I am reviewing some Basic Linear Algebra. They define: A Matrix A is invertible if and only if there exists some matrix B such that $AB=I$ and $BA=I$.
So, in a slightly separate line of thought, I was wracking my brain trying to see if it is always the case that if $AB=I$ then $BA \neq I$. Essentially I was looking for a counter example. I wanted to show that if $AB=I$ then it is not enough to say that B is the inverse of A. I couldn't find an example. So it made me wonder if you could prove if $AB=I$ then $BA=I$ for basic matrix algebra.
I don't know know if this is possible. I appreciate any insights and or corrections. Similarly if you can provide one counter example then that would be most helpful also!!
Kind thanks MathExchange :)
For a square matrix $A$: if there is a matrix $B$ such that $AB = I$, then it will also be the case that $BA = I$. Some proofs of this fact are presented here.
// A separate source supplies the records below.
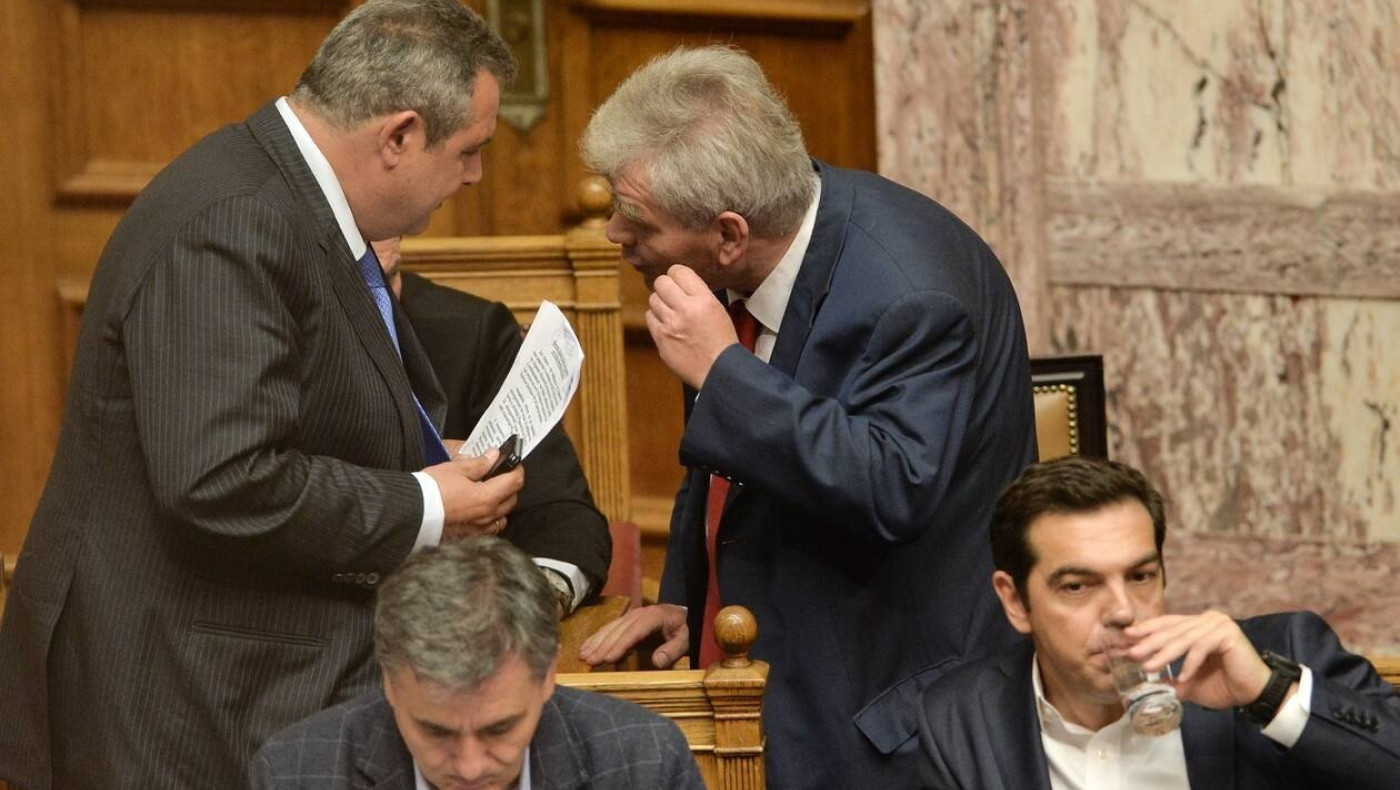 Δημοσίευμα: «Ο Καμμένος ζητά μπροστά στον Τσίπρα να συλλάβουν δημοσιογράφους!»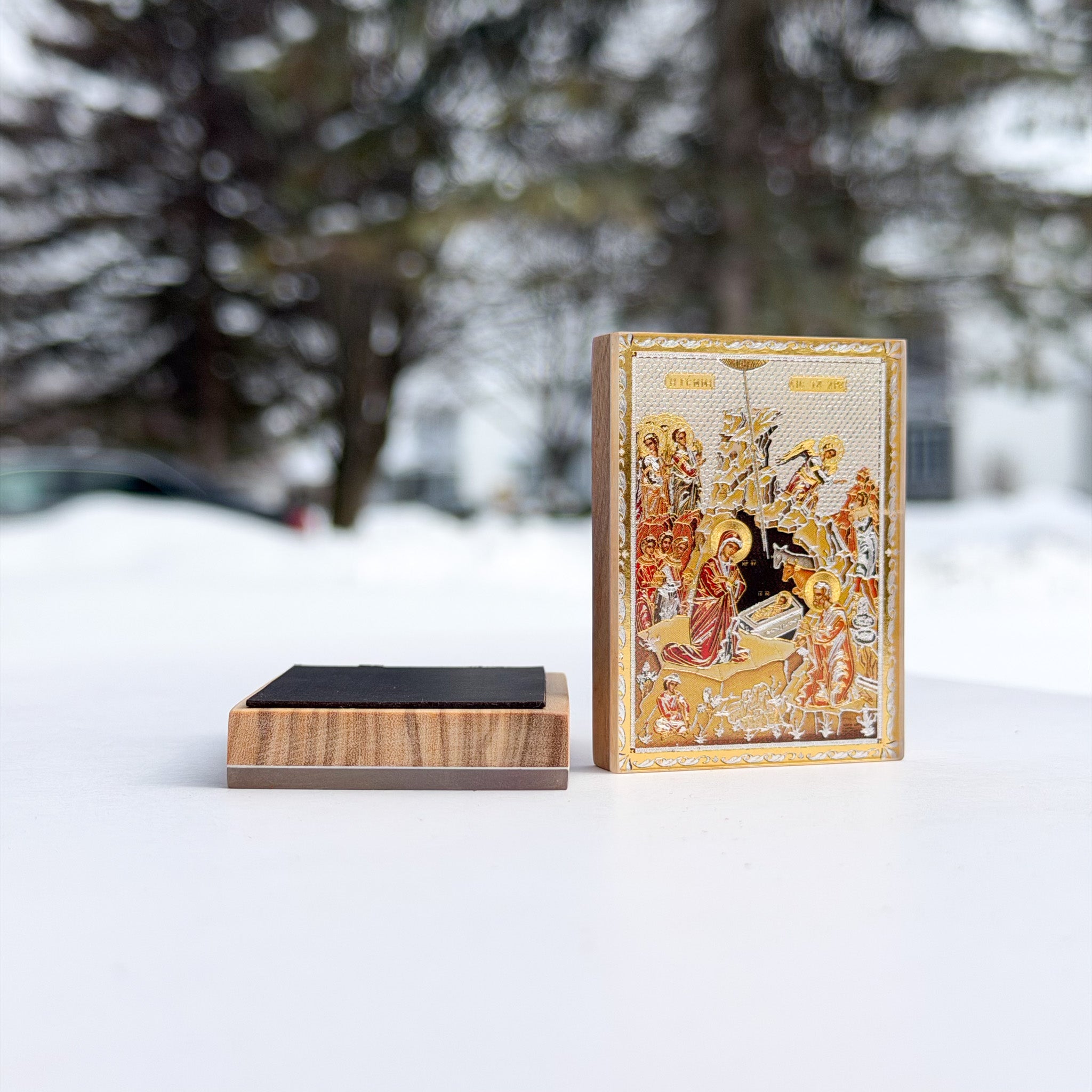 The Nativity of Christ Magnetic Icon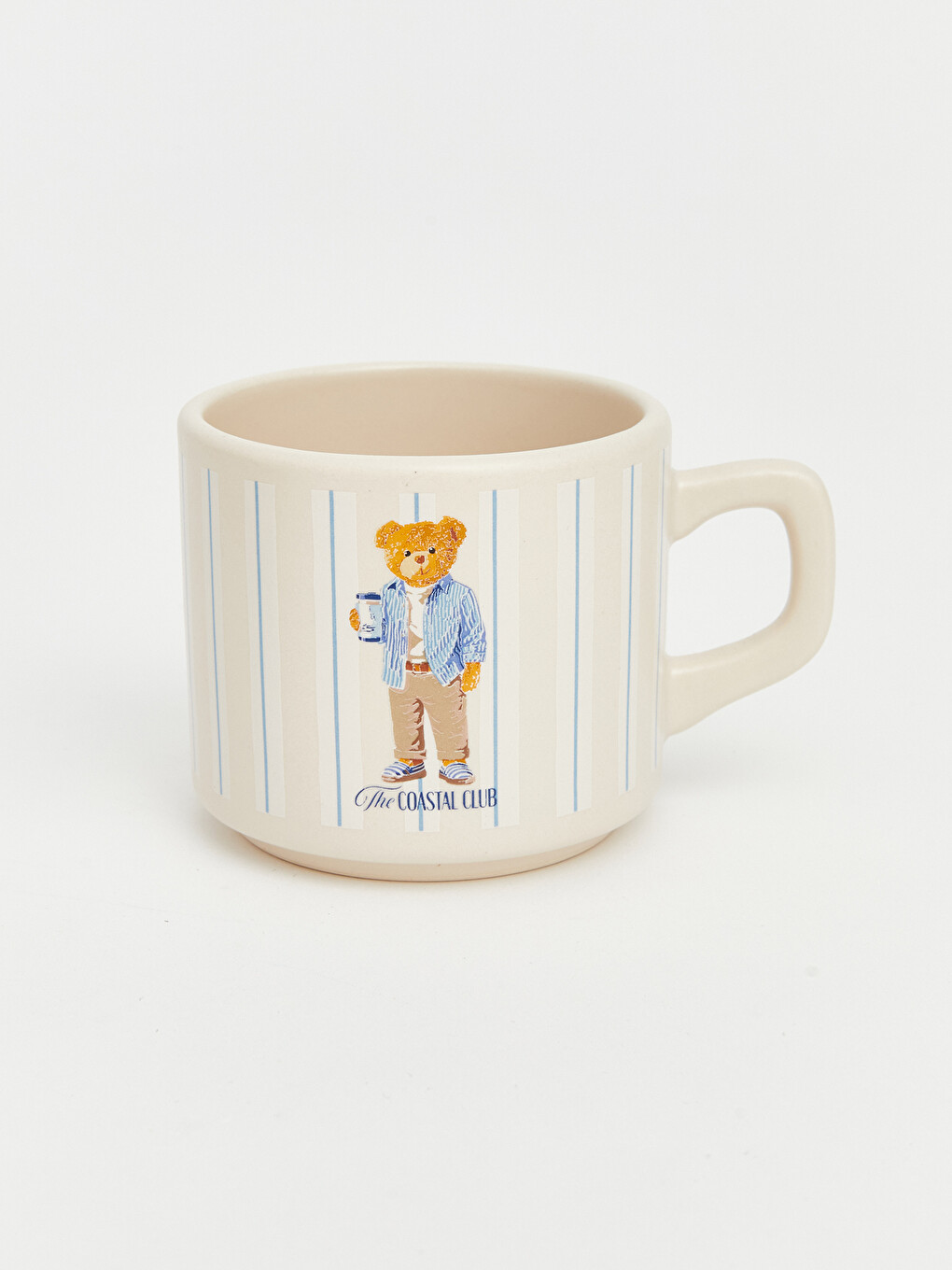 Siyah Ayı Teddy Baskılı Kupa Seti 3'lü 184 ml-2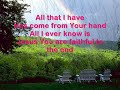 Hillsong - Faithful To The End (Lyrics) Hillsong - Faithful To The End (Lyrics)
As for non-square matrices, we can say the following: if $A$ is $m \times n$ with $m > n$, then there can be no matrix $B$ such that $AB = I$. When $m \geq n$, there exists a matrix $B$ such that $BA = I$ if and only if $A$ has "full column-rank", which is true if and only if the transformation associated with $A$ is injective. If $m < n$, there can be no matrix $B$ such that $BA = I$. When $m \leq n$, there exists a matrix $B$ such that $AB = I$ if and only if $A$ has "full column-rank", which is true if and only if the transformation associated with $A$ is surjective.